If I enter the password with a lot of patience, pressing every key several times everything works as expected. Filesystems get mounted, etc.


----------



## graudeejs (Jan 8, 2009)

I've never tried this on raids. Do you have a spare disk?
You could try same thing on disk and see how that works [also disable raid (unplug power if necessary)]


----------



## SaveTheRbtz (Jan 8, 2009)

I have same problem, i Think it's somehow connected with letters in password. (_Shift+something_ don't work right with both my computers)
So i've created 2 keys: one with special chars, another w/o. Second works fine.


----------



## graudeejs (Jan 8, 2009)

try using caps-lock instead of shift
or try different keyboard.... [seams keyb issue]


----------



## SaveTheRbtz (Jan 8, 2009)

Sorry, i meant special chars like _!@#$%^&*()_+_

PS. I've tried different ones, but only USB ones


----------



## graudeejs (Jan 8, 2009)

I always use them in my password without any problems


----------



## snurgel (Jan 8, 2009)

My password only consists of small aflags nd uppercase letters and numbers.
I've tried different ps2 keyboards. I think before christmas I also tried it with a usb one. So that's seems not to be the issue. Maybe it's my Jetway board.I also tried different for atkdb in device.hints, but...


----------



## snurgel (Jan 9, 2009)

Sorry, I dragged some text accidently. What I wanted to say was:
My password only consists of small and uppercase letters and numbers.
I tried different ps2 keyboards. I think before christmas I also tried it with a usb one. Maybe it's my Jetway board. I also tried different flags for atkdb in device.hints (found in man atkbd), but nothing works...


----------



## graudeejs (Jan 9, 2009)

i see you have cryptographic card (GEOM_ELI: Crypto: hardware), or is it build in VIA cpu
if you have card try taking it out, or try disabling this cpu feature....

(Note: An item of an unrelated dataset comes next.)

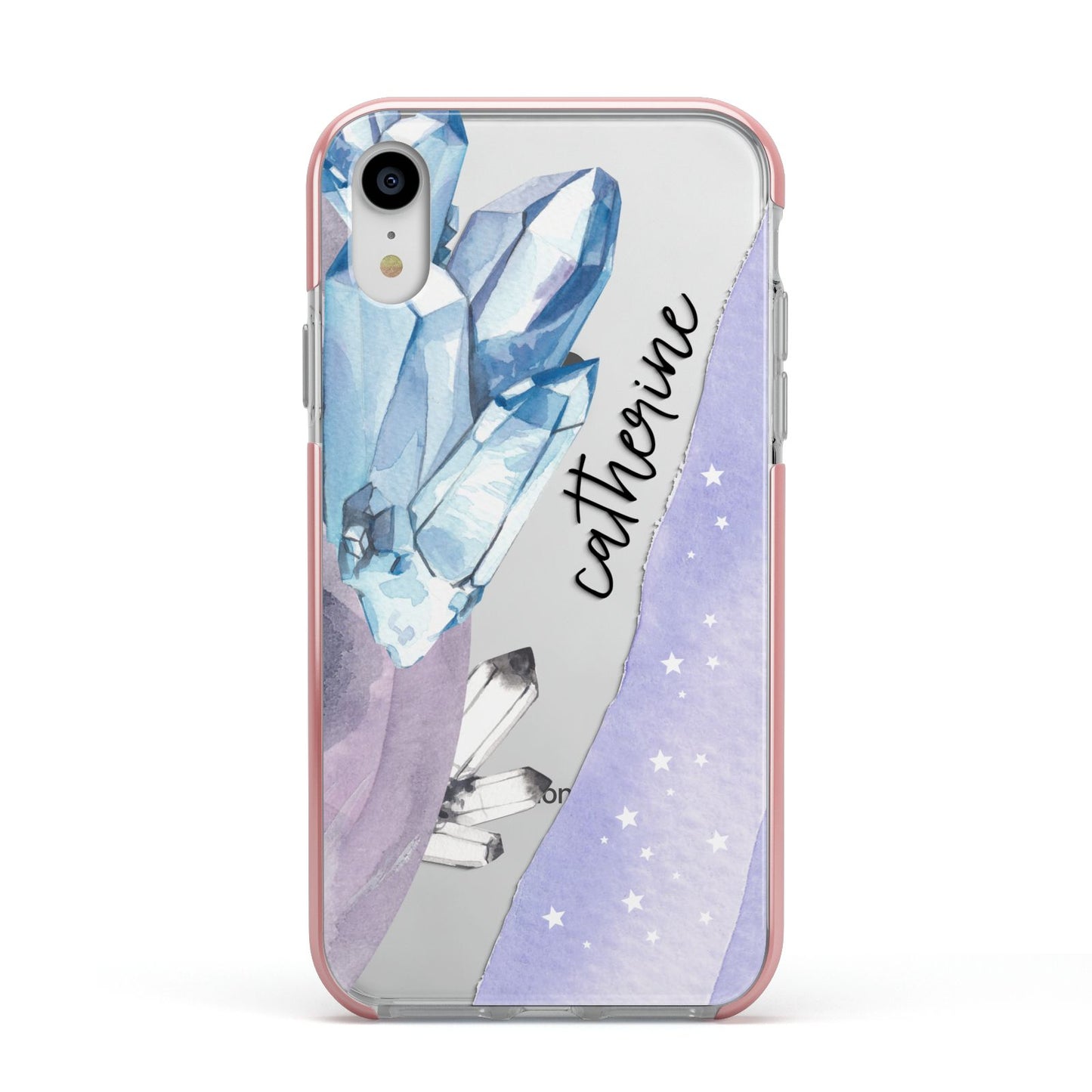 Crystals Personalised Name Apple iPhone XR Impact Case Pink Edge on Silver Phone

have you compiled anything with custom cflags?


---
off-topic
btw: how much did you pay for crypto card? I want one


----------



## snurgel (Jan 9, 2009)

The Via c7 cpu I use wasn't detected correctly by 7.0 RELEASE I installed first. So the build in encryption acceleration (called Padlock) wasn't activated. The password problem already existed at this point. 
Afterwards I tweaked the kernel source and got Padlock working. When I updated to 7.1 (WITHOUT_IP6), CPU and so also Padlock got detected out of the box.
Tried it now without loading padlock module, nothing changes.


----------



## snurgel (Jan 9, 2009)

I have now put kern.geom.debugflags=1 and kern.geom.eli.debug=1 in loader.conf. A higher debuglevel for geli messes the buffer with all disk writes and reads, so I can't see the messages at the beginning in dmesg.
I have also tried a USB-keyboard now but then I can't even enter a single letter.
So if anyone is able to use the debug output...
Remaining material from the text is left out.